Oxy and the Morons were a half-decent punk band that almost made it back in 1978 but self-destructed over jealousies and an unlikely cover of Tom Jones’ classic It’s Not Unusual. Now a retro-record label wants to put their unreleased album and for Andy it’s an opportunity to be Oxy again but there are still open wounds that need taking care of.
It’s a touching story, beautifully written by Paul Sirett, and touchingly played by a talented, well-chosen cast of actor-musicians. Rob Jarvis is hugely affecting as Andy in the present and the whole show revolves around his journey into his past.

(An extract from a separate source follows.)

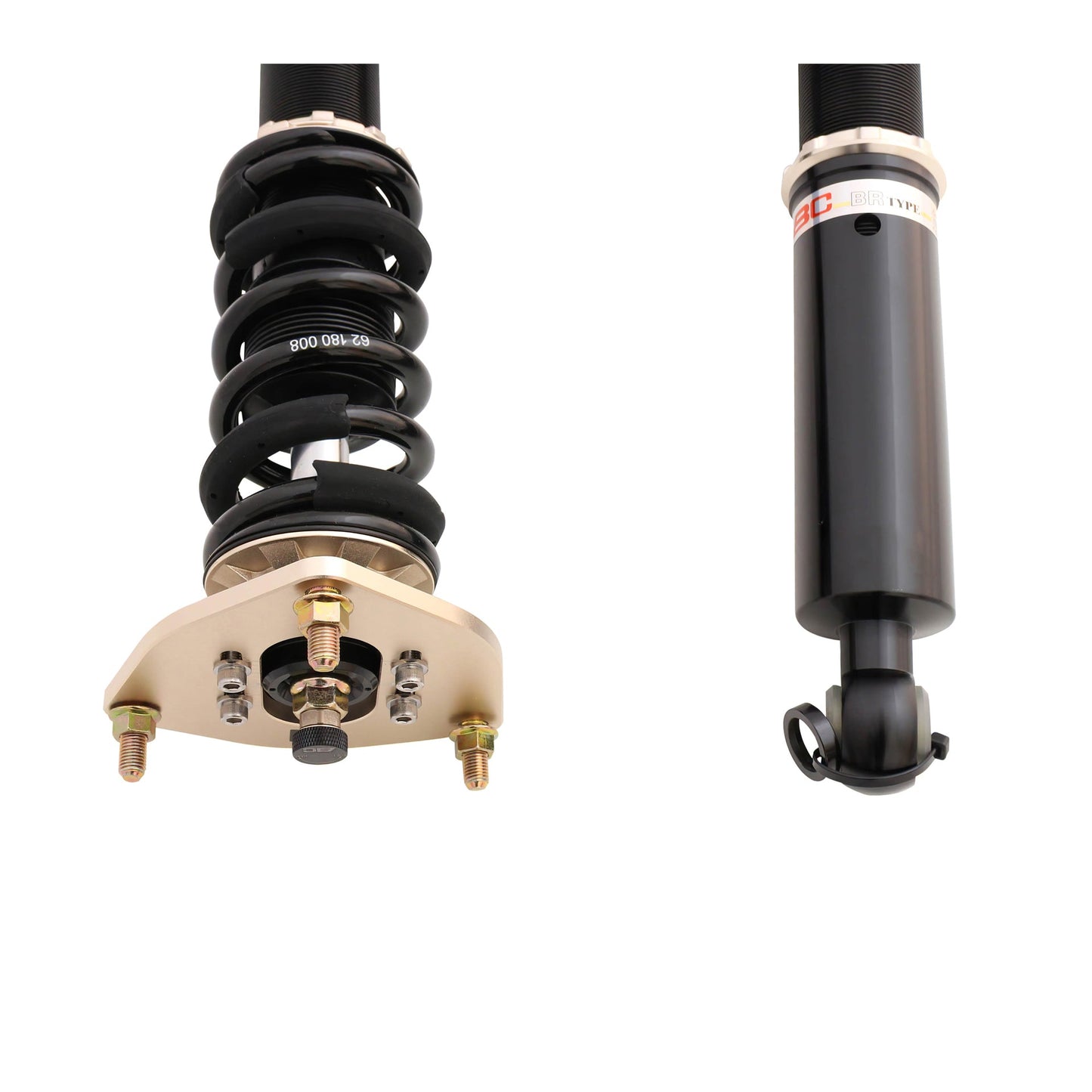 BC Racing Coilovers 97-01 Infiniti Q45 (W/ Spindle)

He has great support from Sean Kingsley as his brother and bandmate Brian, Mark Newnham is great as Andy’s younger self and Molly-Grace Cutler makes an impressive stage debut in dual roles as young Elizabeth and Andy’s daughter Sheena.

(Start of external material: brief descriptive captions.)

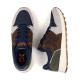 Sabatilles esportives Munich 1030 81 blaus, marrons i verdes - Querol online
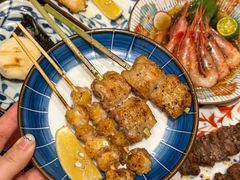 -吉炙烧鸟•本格料理(国际商贸城店)
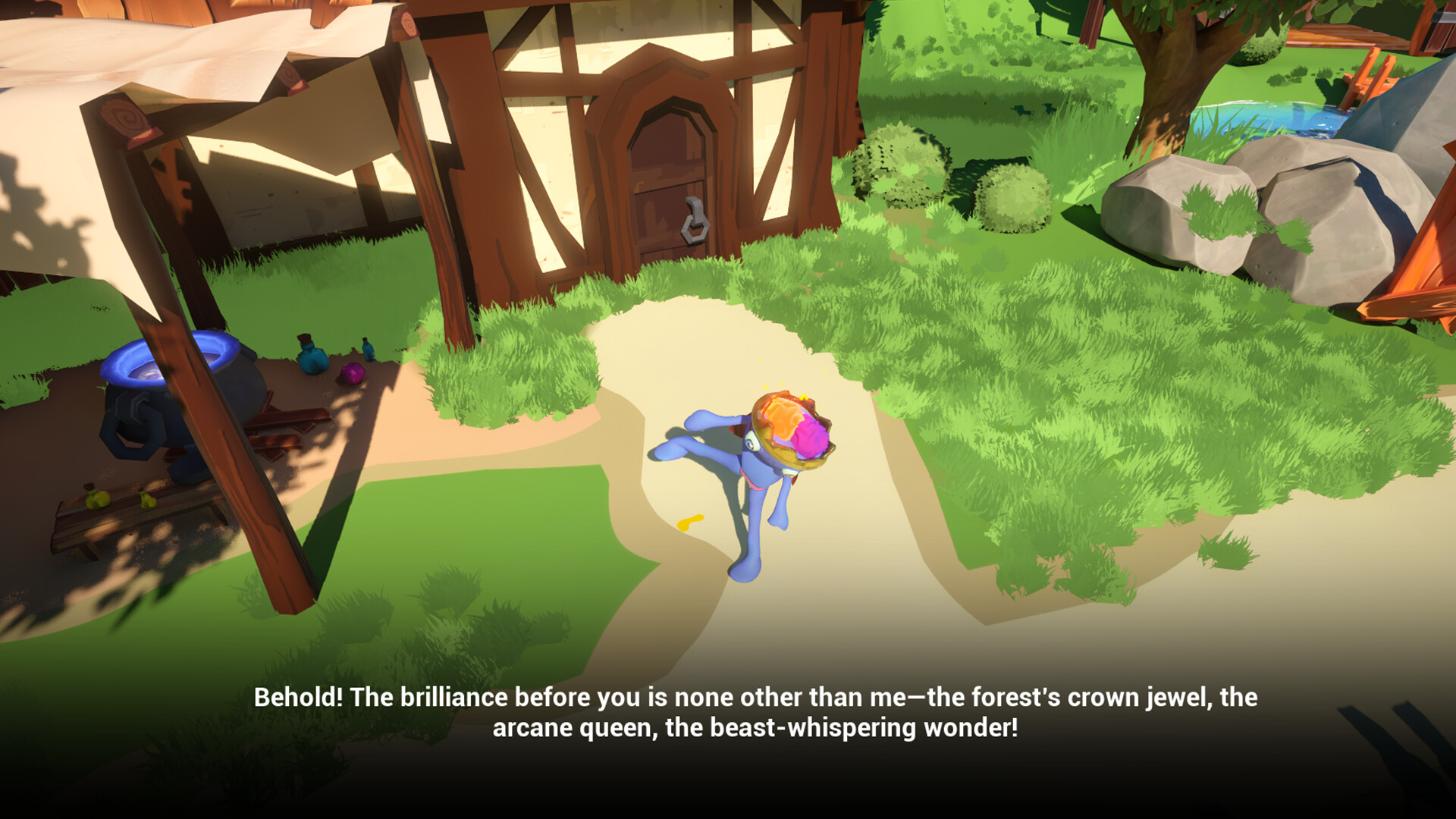 ZomBFFs screenshot 3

There is a real bond between the actors – in both young and old versions of the band – and this helps give the play a real sense of cohesion.
Peter Rowe directs this world premiere with great simplicity and sensitivity, keeping the action moving, letting the actors and the music tell the story. The stage is virtually bare except for a portable stage and the odd table and sofa which are brought on at key moments.
The first half has Andy in the present putting the old band back together with musical interludes provided by Oxy and the Morons in their heyday. The second half as the older Oxy and the Morons performing at their reunion gig while the dramatic sections of play show us exactly how it all went so drastically wrong.